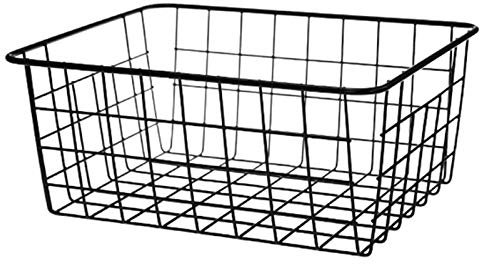 Rfeeuubft Hollow Iron Cable Storage Basket Metal Basket Without Insert Bathroom Kitchen Organiser Black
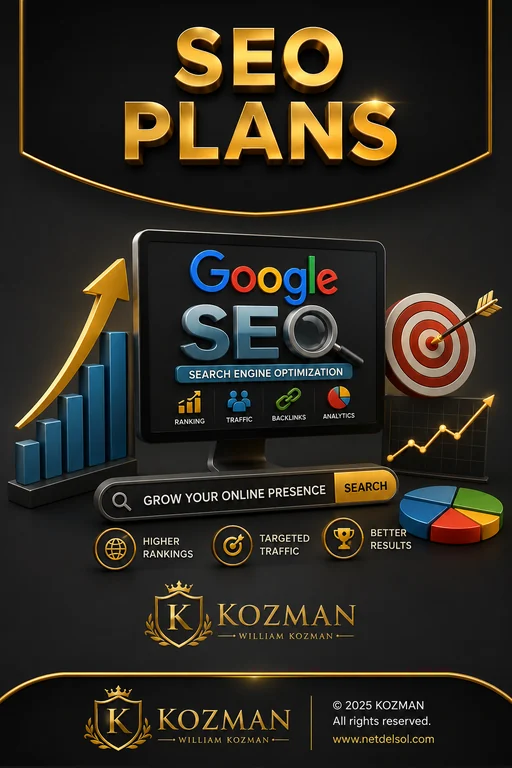 Net Del Sol SEO plans service pillar showing search engine optimisation and growth charts.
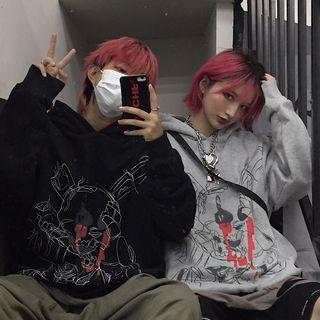 Couple Matching Skull Print Hoodie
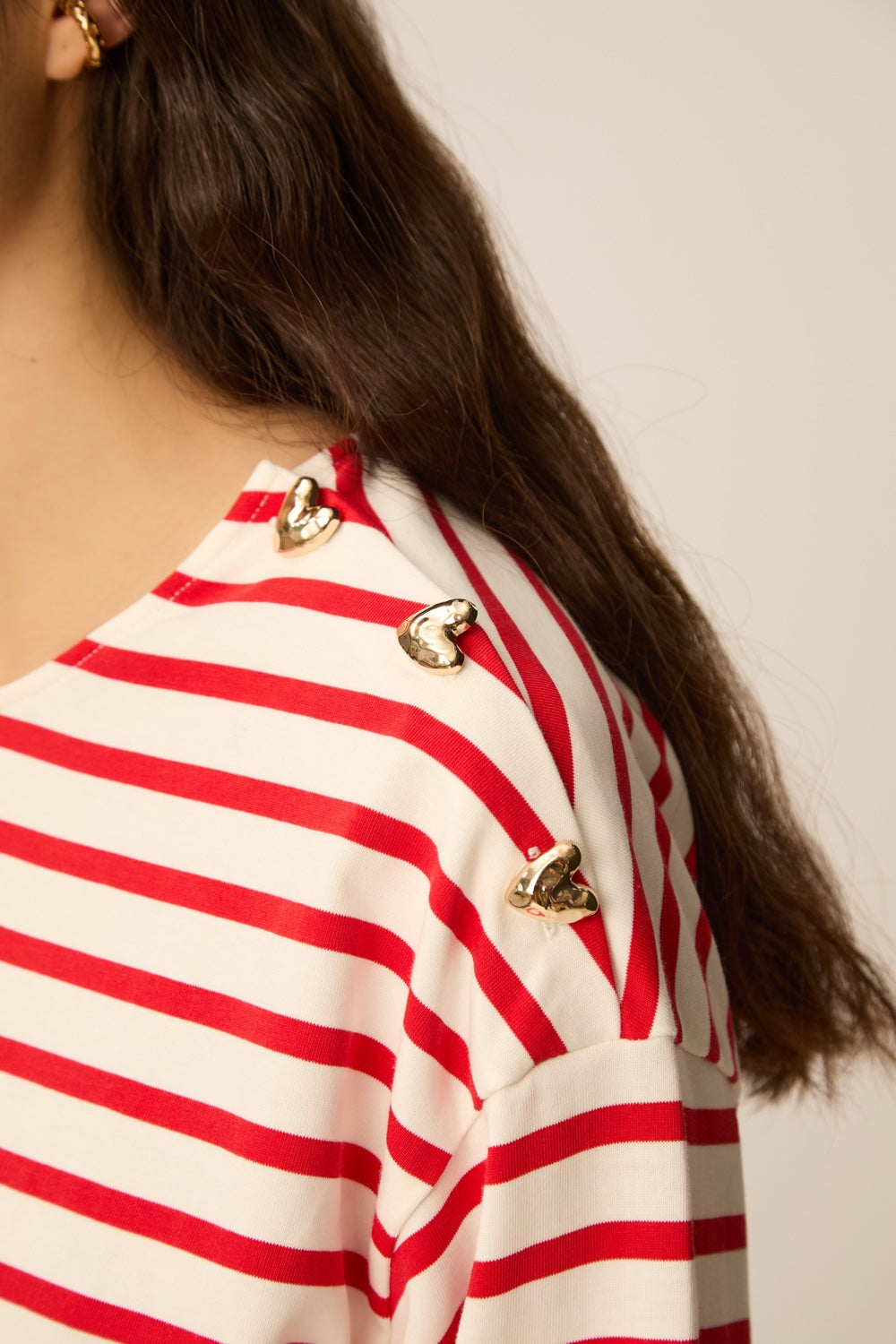 Striped top Filoute Ecru/Homard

---------------

# [Task instructions]
What you write must match, line for line, the lines from the one with "Couple Matching Skull Print Hoodie" through the last line of the data above, minus the pictures.

# [Written reply]
 Couple Matching Skull Print Hoodie
 Striped top Filoute Ecru/Homard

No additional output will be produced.